I was thinking about this when contemplating the wonderful outpouring of support for CMNC that came from this fall’s CMNC Challenge. This was our first-ever fundraising drive, and its success tells me that many, many people treasure CMNC as I do. You may recall that the Challenge was announced in the last issue of The Chamber Musician, where we set a goal of raising $10,000 by the end of the year. We began by forming a Challenge Committee of people donating $500 or more, to start the drive with the first half of that goal. The Challenge Committee responded with $7000, so we mentally raised the goal to $14,000, although we would still have been happy with $10,000. Most of the fundraising was done at the October 2011 Mills Workshop, but donations came in through the website as well, and in fact are still coming in (the drive formally ends on December 31, 2011.)

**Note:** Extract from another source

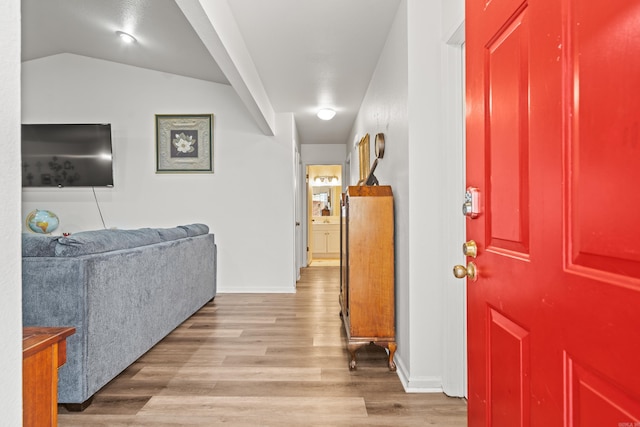 foyer entrance featuring baseboards, vaulted ceiling, and wood finished floors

The Challenge was created and led by Susan Wilson, who saw the need for action and didn’t wait for someone else to do it. She designed the campaign, created the mailout postcard and the poster-thermometer for the workshop, made calls, and was a major donor herself. I couldn’t be more grateful to her for her energy, creativity and insight.

I thought you might like to know something more about the response. First, the total raised as of December 4, 2011 is $17,380. We are amazed. Sheri Schultz, our treasurer, called this a “bountiful blessing” for CMNC, and so it is, especially in these difficult economic times. Ninety-three people, in addition to the original ten of the Challenge Committee, gave donations. There were three donations of $500 in this group, one of $450 and one of $400, two of $300, many of $250 and $200. The average gift is over $100. Thank you all so much. I am going into this detail partly because we made the decision not to break out the donor list into categories like $100–$199, and so on. We are extremely grateful for the generosity of the large donors, and we so much appreciate donations of any size, so we felt that listing all donors alphabetically best expressed that feeling.

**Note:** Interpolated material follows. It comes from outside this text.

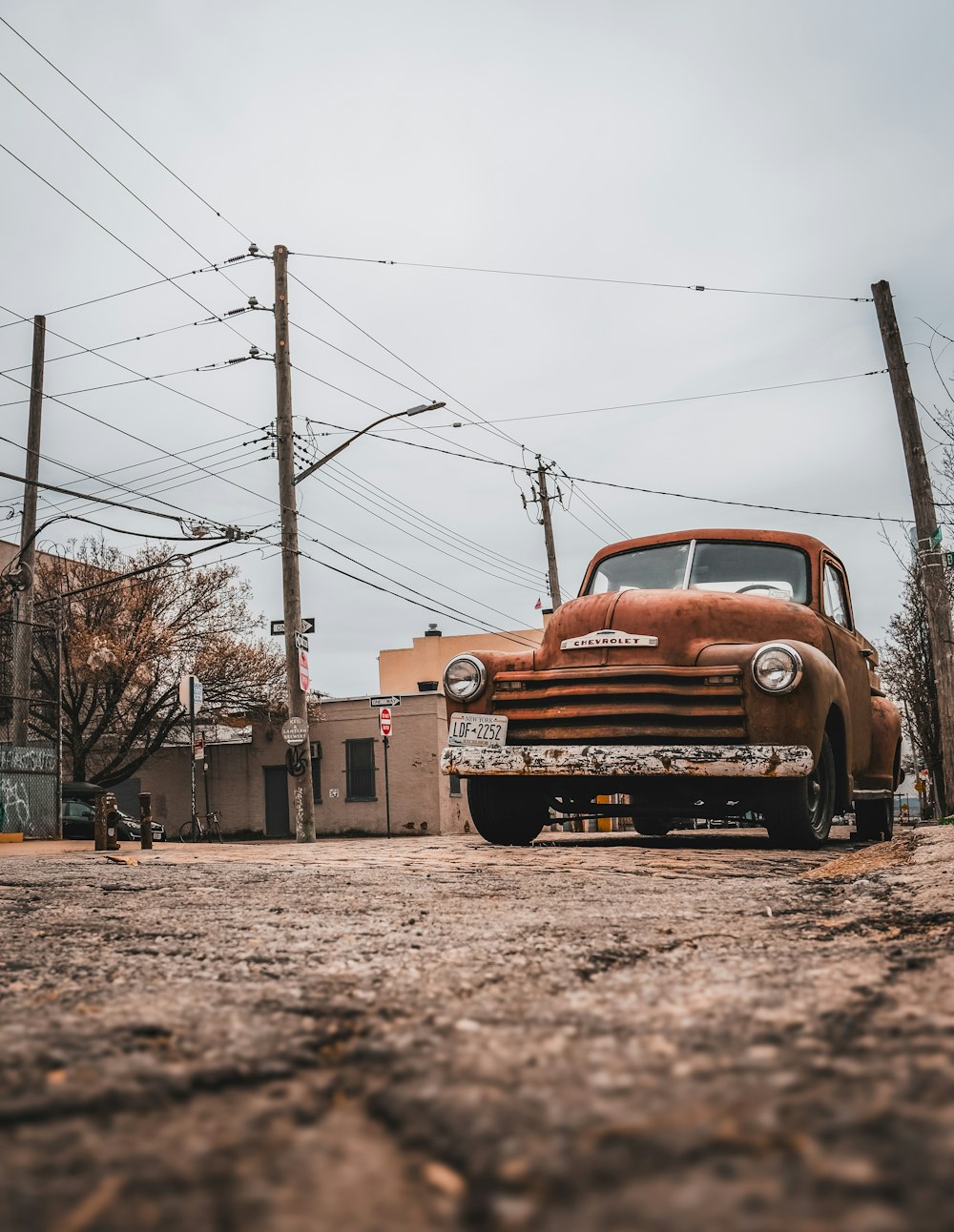 an old truck parked on the side of the road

A few people asked me, when we announced the drive, whether CMNC was in financial trouble. The answer is no, we were not in any danger of going away. We have managed our funds carefully, paid all our bills for each workshop as we go, and with the additional help of a grant from ACMP for which we are very thankful, we could have continued to do so. But as we said during the drive, our worries were that we would have to continue raising fees to cover expense, making it impossible for some people to attend; we would not be able to continue to offer financial aid where needed; we did not have funds to rescue our somewhat ailing website; and we did not have a financial cushion for unexpected emergencies. Now, thanks to our members, these are no longer worries. We will continue our careful management and do not plan another fundraising drive for at least five more years. Once again, thank you, everyone.


August 2011

Elizabeth Morrison

It was another summer of delightful chamber music workshops–Humboldt and Ashland for me, while other friends headed for CalCap in Sacramento, San Diego in Claremont, and Jana Jae’s chamber-music-and fiddle-fest in McCall, Idaho. Maria Reeves blazed a new trail by attending a Summer Arts workshop called International Chamber Music and the Third Stream, with the Alexander String Quartet. I’d like to try that next year. We are lucky to have so many opportunities to play, learn and connect.

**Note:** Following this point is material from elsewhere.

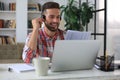 Concentrated young freelancer businessman using laptop for video conferance, working remotely online at home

I was assigned quite a few unusual pieces this summer, which made me marvel yet again at the enormous amount of music our workshops possess. Humboldt’s collection has three different libraries, two belonging to the workshop and one that is part of Humboldt State University, all with huge holdings. Ashland’s chamber music library, I was told, is the largest west of the Mississippi, and Hans Hoffer claimed last year that neither Humboldt’s nor Ashland’s is as big as CalCap’s. Even allowing for competitive exaggeration, this is deep. I couldn’t help recalling the Manhattan String Quartet workshop in Salzburg last January, where the Lais, the Morrisons and the Miksaks all vied to play one evening from a single book of Mozart quartets, literally the only piece of music there.

Even more impressive than the libraries is the creative way the directors rummage through them for our edification and pleasure. Over my ten workshop days I was given pieces by Frank Martin, Johann Quantz, John Ireland, Benjamin Britten, Jennifer Higdon and Richard Strauss, and heard (among many others) works by Zemlinsky, Andriessen, de Wailley, Garfield, Bargiel, and a veritable festival of Madeleine Dring. Then I got to conclude both my workshops with a Friday assignment of Beethoven. How cool is that! These experiences, and the precious friendships that come out of them, are what keep me going back summer after summer.


March 2011

Elizabeth Morrison

This winter I was lucky enough to attend two workshops: first the Manhattan String Quartet’s week in Salzburg in January, then our own CMNC weekend at San Francisco State in February. The Salzburg workshop was all about Mozart’s String Quartet K575, and since K575 was the quartet Ralph and I played in Paris on our honeymoon, and just happens to be my car’s license plate, I certainly couldn’t miss that one.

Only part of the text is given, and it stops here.